BookmarkSubscribeRSS Feed
🔒 This topic is solved and locked. Need further help from the community? Please sign in and ask a new question.
Yura2301
Quartz | Level 8

Hi,

I need export data from text file that can be more-less big(for example 200 kb), delimiter should be some set of characters(for example '<test>').

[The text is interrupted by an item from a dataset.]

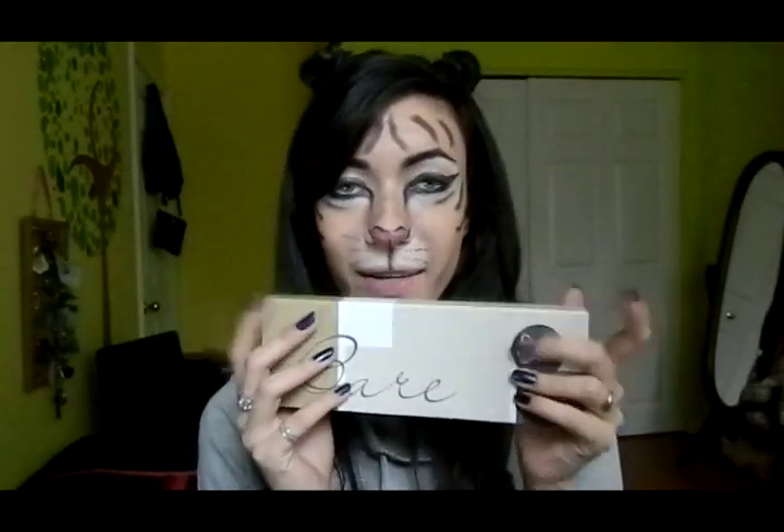Hey guys, today is another Halloween tutorial and this one is inspired by Tiger. These are my ears, as you can see. I've created this look only using the Sigma Bare Palette. I have a review on it and I'll link to it below in the description box. So yeah, it was very fun for me to do and I hope you like it. If you want to see how I did this step by step, then keep watching.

So if I'll have file with text: "111<test>22222 3333<test>444<test>" result should be one column table with data:

111

22222 3333

4444

I use sas 9.1.3 and in this version dlmstr option isn't presented , so can I somehow optimal read such files and create one column table?

Thanks!

1 ACCEPTED SOLUTION

Accepted Solutions
Ksharp
Super User

Here is a way.

data x;

infile 'c:\x.txt' recfm=n;

input x $char1. @@;

run;

data temp;

set x ;

if cat(lag6(x),lag5(x),lag4(x),lag3(x),lag2(x),lag1(x))='<test>' then group+1;

run;

proc transpose data=temp out=want(keep=col:) ;

by group;

var x;

run;

data want(keep=want);

set want;

want=tranwrd(cat(of col:),'<test>',' ');

run;

Ksharp

消息编辑者为:xia keshan

View solution in original post

8 REPLIES 8
mkeintz
PROC Star

Yura:

If you were on a UNIX system, I would declare a FILENAME statement with a "pipe" parameter that would read this data in through AWK or SED or similar to change all "<text>" to, say "!" (or any other character not in the data).   Then you could use "dlm='!'" on an infile statement.

Absent that, try:

data want (keep=field);

   input ;                                                      ** Fill the _INFILE_ automatic var **;
   length text $32767  field $40;
   text=tranwrd(_infile_,"<text>",'!');           ** Make a single-character delimiter **;

  do w=1 by 1 while (scan(text,w,'!') ^= ' ');

     field=scan(text,w,'!');                        ** Use the delimiter with a SCAN function **;
     output;

  end;

run;

--------------------------
The hash OUTPUT method will overwrite a SAS data set, but not append. That can be costly. Consider voting for Add a HASH object method which would append a hash object to an existing SAS data set

Would enabling PROC SORT to simultaneously output multiple datasets be useful? Then vote for
Allow PROC SORT to output multiple datasets

--------------------------
FriedEgg
SAS Employee

data test;

length x $ 10;

infile cards dlm='2c'x;

input @;

_infile_=prxchange('s/\<test\>/,/',-1,_infile_); *alter the input buffer to change dlmstr to dlm;

input x @@;

if ^missing(x) then output;

cards;

111<test>22222 3333<test>444<test>

;

run;

111

22222 3333

444

Yura2301
Quartz | Level 8

Hi Fried,

Thanks for your answer, but looks like your code also works correct only if file line less than 32767 chars, I actually tried your code and it works ok on small files, but my file is more then 32767 and it already contains '2c'x delimiters inside, so I just use another delimiter that doesn't exists in file, but anyway - on files bigger then 32767 looks like it doesn't work.

Thanks!

Yura2301
Quartz | Level 8

filename _infile_ "&Path\data.txt";

data readFromFile;

      infile _infile_ lrecl=32767;

      input;

      length text $32767 field $32767;

      text=tranwrd(_infile_,'<test>,'~');

      do w=1 by 1 while(scan(text,w,'~')^='');

            field=scan(text,w,'~');

            lenf=length(field);

            output;

      end;

run;

      data test2;

            infile _infile_ dsd lrecl=1000000 pad;

            input txt1 : $32767. @@;

            row=_n_;

      run;

And result table "test2" will have many rows, depends on file size and special symbols in data etc.,

and then I can just work(scan,substr,merge strings etc.) with these "test2" table to achive needed result, but I'm not sure if it optimal solution in my case.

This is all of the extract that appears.